### Listed records

————

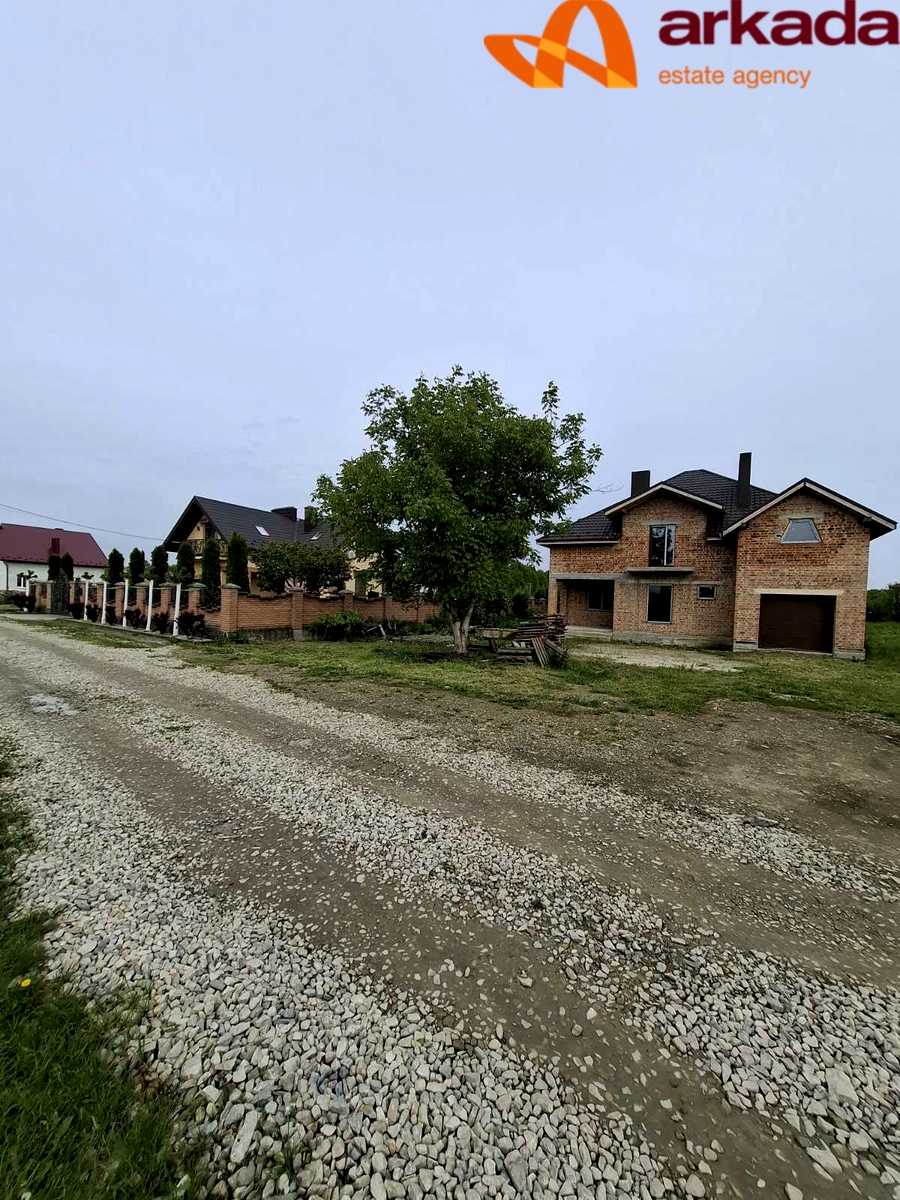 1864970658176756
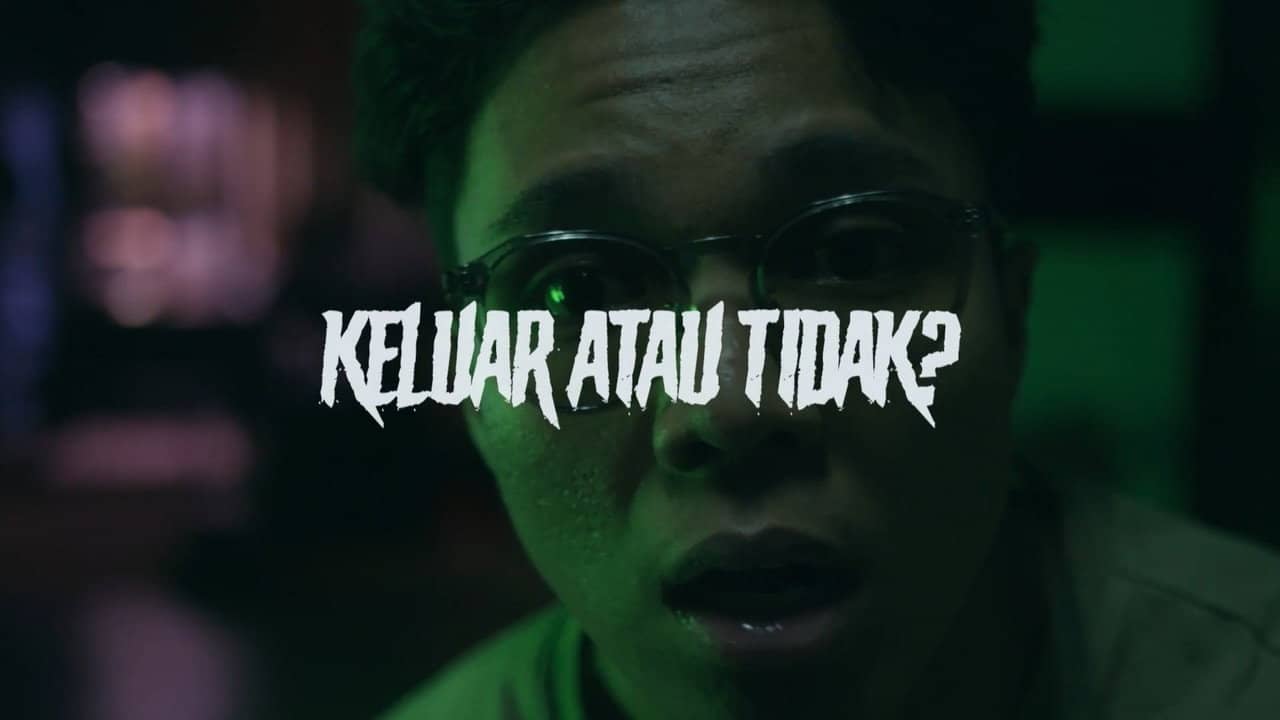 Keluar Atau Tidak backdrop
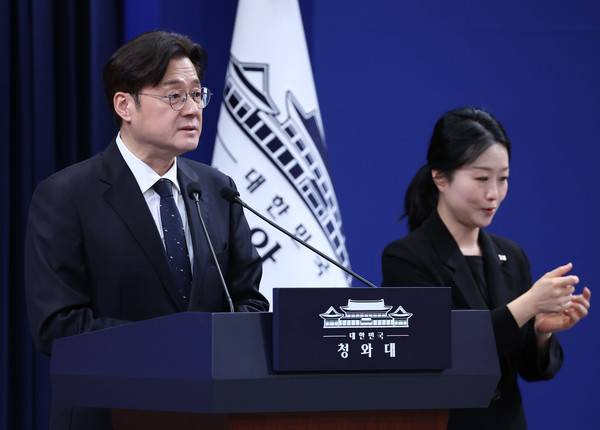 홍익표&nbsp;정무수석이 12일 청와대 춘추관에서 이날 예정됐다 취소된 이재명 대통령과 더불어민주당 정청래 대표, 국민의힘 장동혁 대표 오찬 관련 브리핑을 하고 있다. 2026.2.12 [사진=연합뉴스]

————

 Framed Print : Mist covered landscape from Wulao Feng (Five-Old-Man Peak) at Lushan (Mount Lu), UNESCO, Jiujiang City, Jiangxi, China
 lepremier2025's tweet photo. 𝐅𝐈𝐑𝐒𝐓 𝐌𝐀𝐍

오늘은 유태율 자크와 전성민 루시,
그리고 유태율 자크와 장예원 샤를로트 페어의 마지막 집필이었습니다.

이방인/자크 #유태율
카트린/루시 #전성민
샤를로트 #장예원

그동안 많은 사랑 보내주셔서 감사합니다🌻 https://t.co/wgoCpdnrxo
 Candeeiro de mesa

————

### Work to be completed
Go through the records above. Copy each line in which the string "샤를로트" appears.

### Reply to the exercise
그리고 유태율 자크와 장예원 샤를로트 페어의 마지막 집필이었습니다.
샤를로트 #장예원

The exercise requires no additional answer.